Mit diesem Beschluss des Bundesvorstandes erfolgt damit bereits die Abkehr von den Voggenhuber-Positionen.

Im selben Bundesvorstand äußert Van der Bellen "Verständnis" für Joseph Fischer; Peter Pilz fordert Bodentruppen, wie dies auch die französischen Grünen bereits tun.

12. April

Peter Pilz tritt (im Profil 15/99) und Madeleine Petrovic (im ORF "Zur Sache" 18.4. 99) ebenfalls für die Aufhebung des Vetorechts im UN-Sicherheitsrat ein.

14. April: der sog. "Fischer-Friedensplan" wird veröffentlicht. Was sind die Kerninhalte dieses Plans? Von den InitiatorInnen der Grünen Antikriegsinitiative in der BRD, Uli Cremer und Ilka Schröder, wird der Fischer-Plan als "alter Wein in neuen Schläuchen" bezeichnet:

  • Die Bombenangriffe sollen nicht beendet, sonder bloß für 24 Stunden unterbrochen werden. Die Vorbedingung ist der Abzug der jugoslawischen Truppen aus dem Kosovo. Erst wenn die jugoslawische Regierung zur Annahme aller Bedingungen bereit ist, werden die Bombardements dauerhaft eingestellt. Der Fischer-Plan bleibt damit voll und ganz in der militärischen Logik. Defacto knüpft dieser Plan damit an Rambouilett (NATO-Besatzungstruppen) an und läuft auf die Sezession des Kosovo hinaus. Ein Bekenntnis zur Autonomie des Kosovo bei Aufrechterhaltung eines souveränen Jugoslawiens kommt nicht mehr vor.
  • Die UNO wird nicht wirklich als politisch handelnde Instanz angesehen, sondern sie soll lediglich das Legimationsmäntelchen für ohnehin von der NATO vorgesehene Schritte und Aktivitäten liefern. Politische Haupt-Akteure sind die G-8, die in ihrer Zusammensetzung keine wirklich neutrale Vermittler sein können, da die am Krieg beteiligten NATO-Mächte USA, D, GB und F dominieren. Vorgesehen ist ein einheitlicher Befehlsstrang, also in der Realität ein NATO-Kommandostrang.
  • Aufstellung einer internationalen Friedenstruppe unter Kapitel VII, d. h. ähnlich wie im Golfkrieg Anfang der 90´er Jahre wird ein Kampfeinsatz ins Auge gefasst und nicht ein Mandat nach Kapitel VI zur Überwachung des Waffenstillstandes bzw. eines Friedensprozesses. Ein Kampfeinsatz ist aus militärischer Sicht immer dann nötig, wenn man den politischen Willen einer Seite brechen will, z. B. weil man eine Konfliklösung auf Kosten einer Seite anstrebt und nicht die unterschiedlichen Interessen in einer Lösung ausbalanziert. Tatsächlich findet sich im Fischerplan keinerlei Verhandlungsangebot, sondern nur Ultimaten an die jugoslawische Seite.

Einschub:

Deutsche Politik lief und läuft auf die ethnisch definierte Zerlegung Jugoslawiens in leicht kontrollierbare Kleinstaaten hinaus. Hier liegt auch ein Unterschied zwischen amerikanischer und deutscher Balkanpolitik. Der US-Diplomat Holbrook klagt an (sh. Kurier, 20. 4. 99), dass "die rasche Anerkennung der Unabhängigkeit Sloweniens und Kroatiens durch Deutschland und Österreich ... den Krieg am Balkan und den Zerfall Jugoslawiens ausgelöst" hat.

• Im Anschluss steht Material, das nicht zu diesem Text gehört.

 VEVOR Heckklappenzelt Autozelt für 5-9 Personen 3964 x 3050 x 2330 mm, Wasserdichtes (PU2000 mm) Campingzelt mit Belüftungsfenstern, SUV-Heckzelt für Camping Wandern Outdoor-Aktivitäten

Dieselbe Politik wiederholt sich nun im Kosovo. Das Abkommen zwischen Holbrooke und Milosevic im Herbst 1998 sah keinen totalen Rückzug Jugoslawiens aus dem Kosovo, sondern weitgehende Autonomie vor. Die deutschen Vorstöße zielen dagegen auf die Sezession.

Helmut Sonnenfeldt, renommierter außenpolitischer Experte der USA, meint zum Fischer-Plan: "Viele haben nicht realisiert, dass sie [J. Fischer Vorschläge] den Boden bereiten für den Einsatz von Bodentruppen, indem sie vorher demonstrieren, alles unternommen zu haben". Ilka Schröder und Uli Cremer bezeichen den Fischer-Plan als einen "Neuaufguss des Rambouillet-Vertrages, der bekanntlich nicht zuletzt an der NATO-Forderung nach Stationierung einer NATO-Truppe mit Bewegungsfreiheit in ganz Jugsolawien scheiterte."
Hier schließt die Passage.